# which direction do you serve your center serving?



## Eric131 (Oct 24, 2008)

If you twist your string and cables using splitters, your string twist from the center out. Well, when this happens the string twist one way from the center out while twisting the other way from opposite side still keeping the same direction, same twist etc. just depending on how your looking at it. My question is this...When it comes to your center servings/ idler servings etc. these servings cross the center where the string changes direction. I believe I talked with TNArcher on here about this at one time and he agreed with me and was confused about which way to serve as well. Any help is greatly appreciated.


Eric


----------



## Dthbyhoyt (Dec 4, 2004)

I serve all my serving in the same direction as the twist .


----------



## Eric131 (Oct 24, 2008)

I do to. I twist the string clockwise and on the end that i twist the string from i serve in the same direction that I twisted. On the other I end I go the other way (while still staying clockwise( to keep the string "twisting tighter" to keep the twist in. But in the center it changes and you cant go both ways. Imagine taking a towel in your hand and ringing the water out. One hand goes towards you as the other one goes away. You serve each end in the direction your hand is going.

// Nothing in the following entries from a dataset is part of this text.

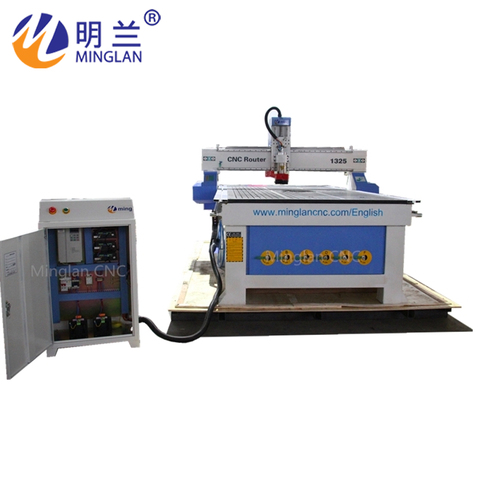 ML-1325 3.2KW spindle cnc router 1300mm*2500mm*200mm wood cutting and engraving machine ► Photo 1/6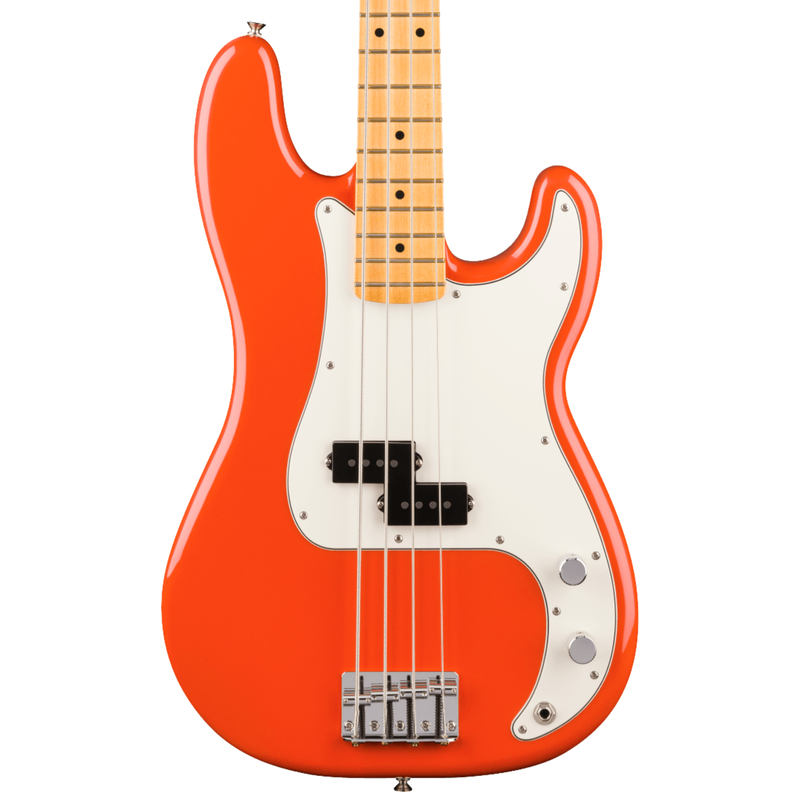 Fender Player II Precision Bass Guitar, Rallye Orange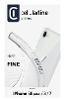 Cellularline fine iphone backcover geschikt voor model gsms apple iphone 7 transparant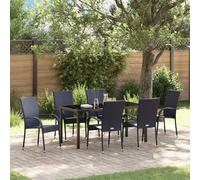 Garden Dining Set Powder-Coated Steel Outdoor Patio Furniture Balcony vidaXL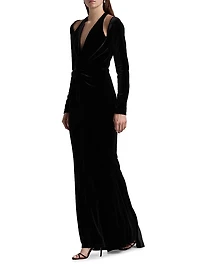 Twist Velvet Gown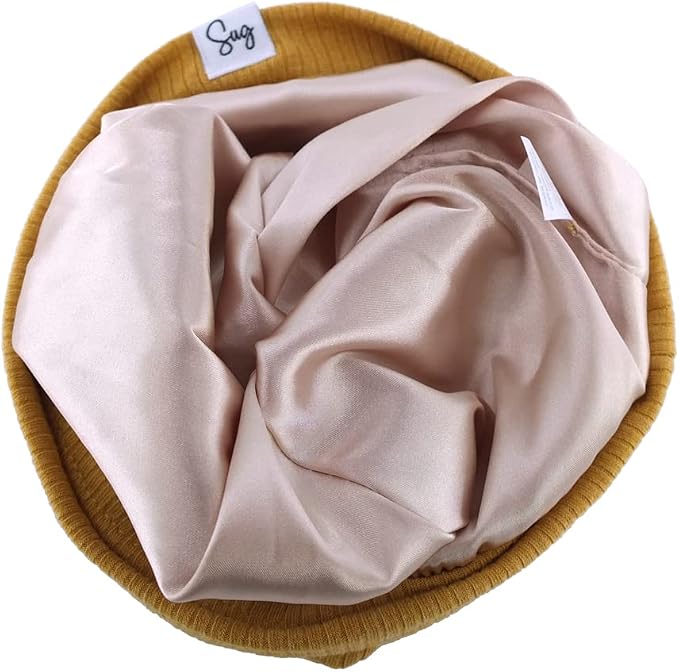 Jersey Beanie Hat for Newborn Baby Boys Girls Silky Satin Lined Hats Bonnet - Image 3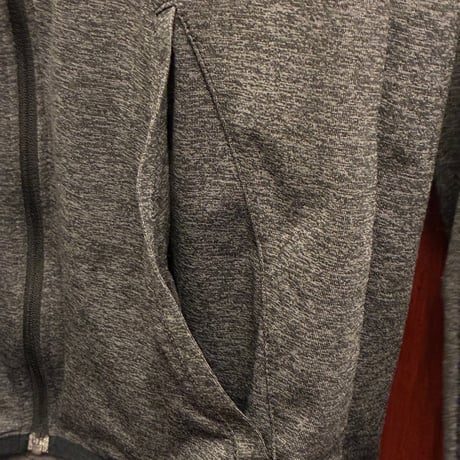 NIKE DRI-FIT ドライ サムホール フルジップパーカー チャコールグレー Mサイズ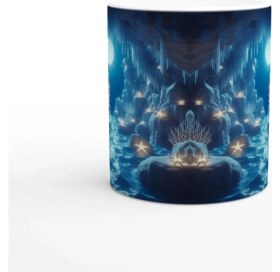 Resim Yengeç Burcu Baskılı Kahve Kupası - Astral Denizaltı Dünyası Vs3 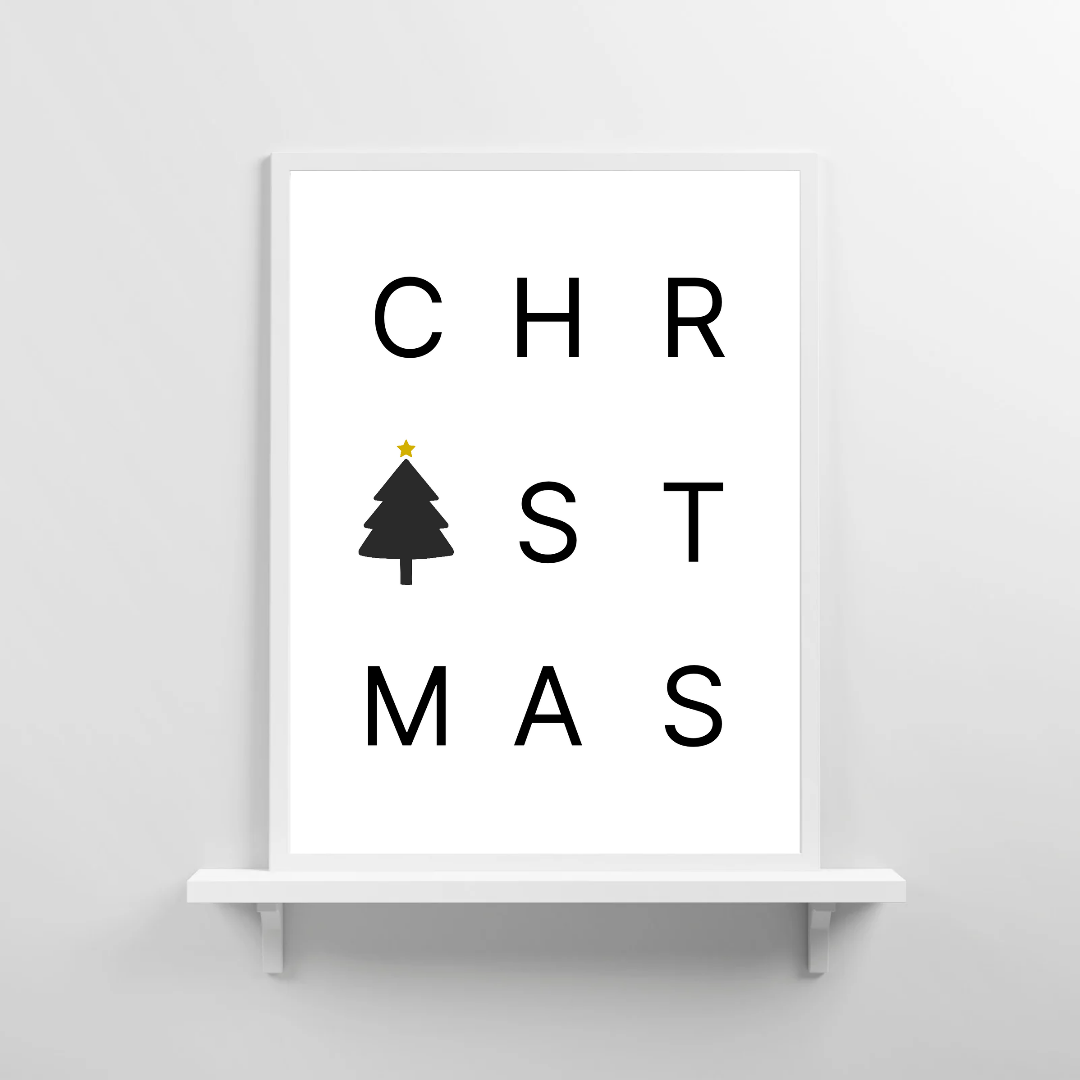 Christmas Print | Christmas Word Print | Christmas Decor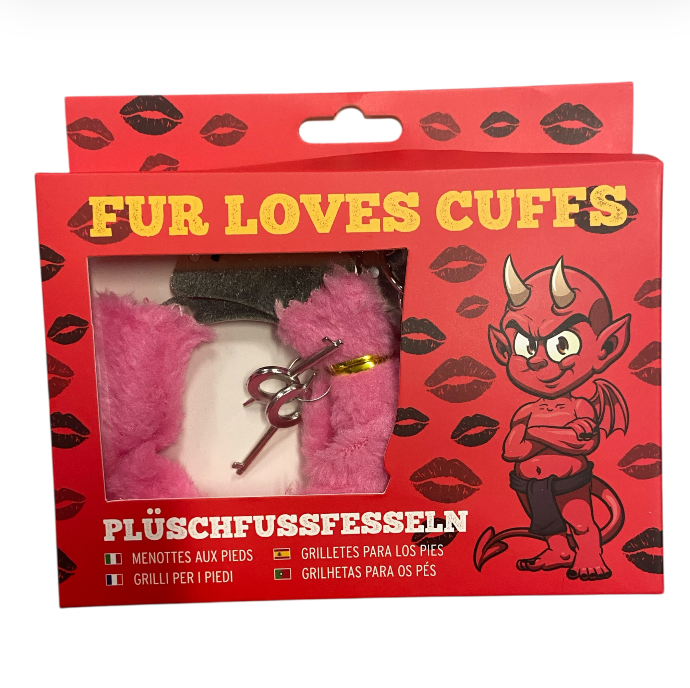 Furry Cuffs Mix Box total 24 Pcs 4 Colours Extra Heavy - Extra Long Chain - extra Big - each Cuffs 265 Gram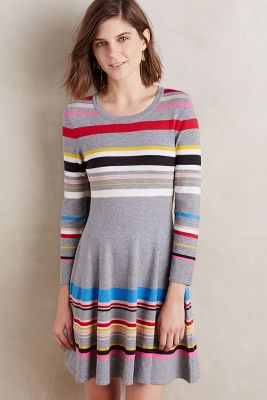 Scooped Sweaterdress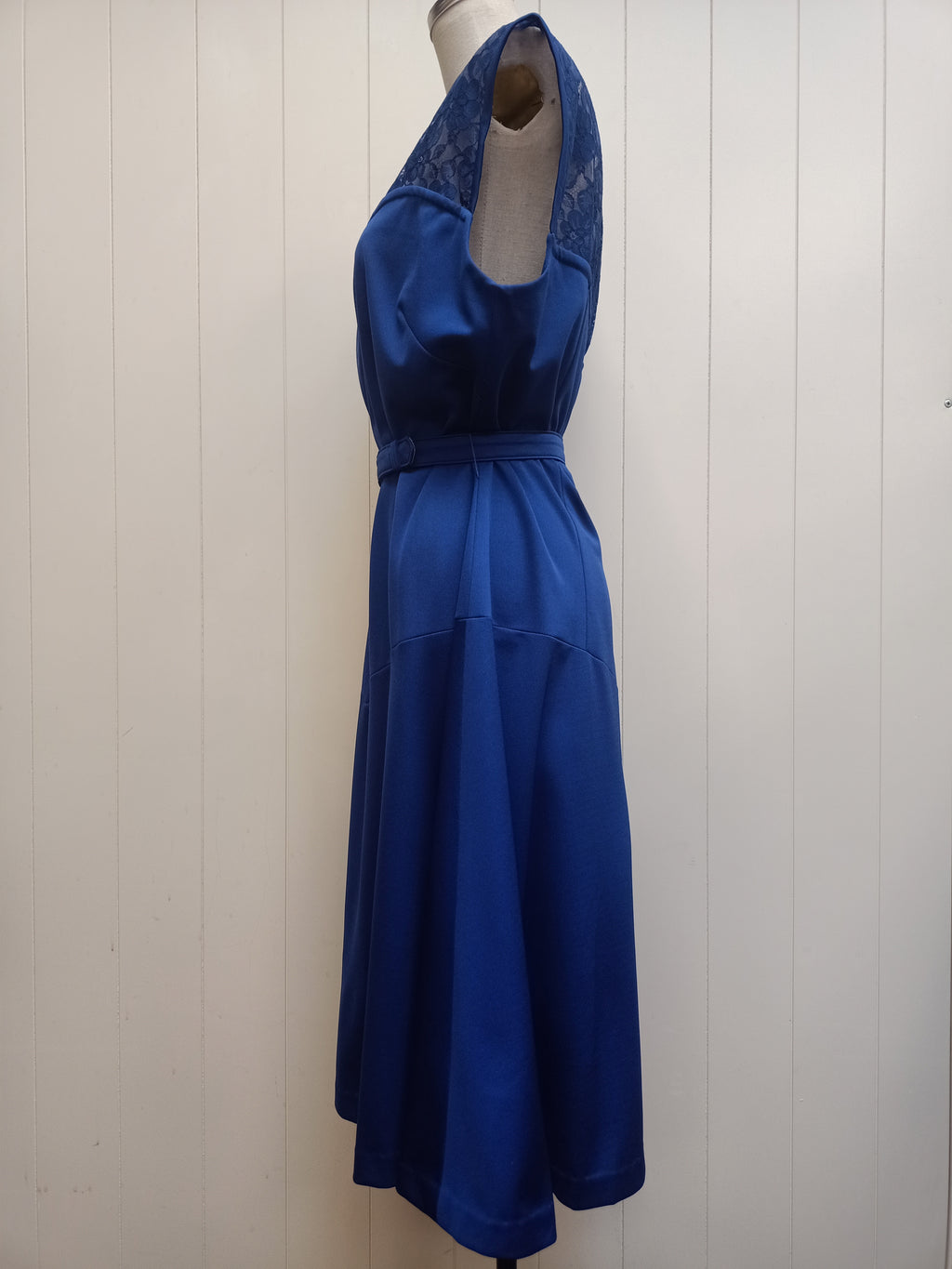 Vintage David Carmody Blue Lace Dress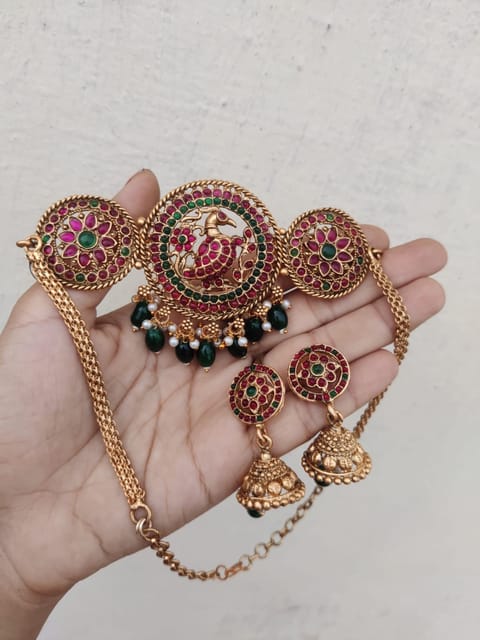 Peacock choker set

This still gives you the same twisted look of the string through out the string. When it comes to the center parts of the string is where I have a hard time deciding which way to serve.


----------



## splitarrow08 (Jun 13, 2009)

If you look at the string your center/ idler wheel serving isnt in the exact center it over laps one way or the other so what I do is what ever side it over laps the most I serve with the twists on that side


----------



## wicked1Joe (May 19, 2009)

splitarrow08 said:


> If you look at the string your center/ idler wheel serving isnt in the exact center it over laps one way or the other so what I do is what ever side it over laps the most I serve with the twists on that side



Same here..


----------



## Eric131 (Oct 24, 2008)

909bowsniper said:


> Same here..


My long awaited question is answered. Yes!!! That's the same way i do it to. Just wanted to check. :wink:


----------



## ex-wolverine (Dec 31, 2004)

*Same here*



Dthbyhoyt said:


> I serve all my serving in the same direction as the twist .


:darkbeer:


----------



## Green River (May 13, 2006)

I serve in the direction of the twist too but can you can still do it backwards? Do you serve to the post or away from the post?


----------



## wicked1Joe (May 19, 2009)

Green River said:


> I serve in the direction of the twist too but can you can still do it backwards? Do you serve to the post or away from the post?


I serve away...


----------



## jkeiffer (Aug 3, 2007)

I serve in the opposite direction of the twist so that there is a self tightening resistance between the serving and the string twists. this helps to keep the servings tight and not seperate.

later
jkeiffer


----------



## Eric131 (Oct 24, 2008)

jkeiffer said:


> I serve in the opposite direction of the twist so that there is a self tightening resistance between the serving and the string twists. this helps to keep the servings tight and not seperate.
> 
> later
> jkeiffer


You are not really going in the opposite direction of the twist. You are just repositioning yourself on the string while still serving with the twist. If you are serving the string to tighten itself, then you are correctly serving. It's just your perspective that is changing. Many people lose twist in their finished strings and have peep issues and are stumped as to why. In actuality, they think they are serving with the twist when they are actually untwisting the string under the serving. Been there done that. :wink:


----------



## splitarrow08 (Jun 13, 2009)

Eric131 said:


> You are not really going in the opposite direction of the twist. You are just repositioning yourself on the string while still serving with the twist. If you are serving the string to tighten itself, then you are correctly serving. It's just your perspective that is changing. Many people lose twist in their finished strings and have peep issues and are stumped as to why. In actuality, they think they are serving with the twist when they are actually untwisting the string under the serving. Been there done that. :wink:


had that same issue when I first started maken strings, then came center serving seperation issues. Not anymore lol


----------



## Eric131 (Oct 24, 2008)

splitarrow08 said:


> had that same issue when I first started maken strings, then came center serving seperation issues. Not anymore lol


What were you doing wrong with center serving?


----------



## splitarrow08 (Jun 13, 2009)

serving the wrong way lol


----------



## Deezlin (Feb 5, 2004)

Eric131 said:


> You are not really going in the opposite direction of the twist. You are just repositioning yourself on the string while still serving with the twist. If you are serving the string to tighten itself, then you are correctly serving. It's just your perspective that is changing. Many people lose twist in their finished strings and have peep issues and are stumped as to why. In actuality, they think they are serving with the twist when they are actually untwisting the string under the serving. Been there done that. :wink:


Well, I have hear this discussion over and over. *Which direction do you twist the string? And, which direction do you serve the string? * The easiest way to think of this is with a bolt. Most bolts are right handed. That is they tighten when they are rotated clockwise looking at the top of the head. So, if you are tightening the bolt looking at the side, if the head is on the left the wrench is rotated over the top towards you. If the head is on the right then the wrench is rotated over the top away from you.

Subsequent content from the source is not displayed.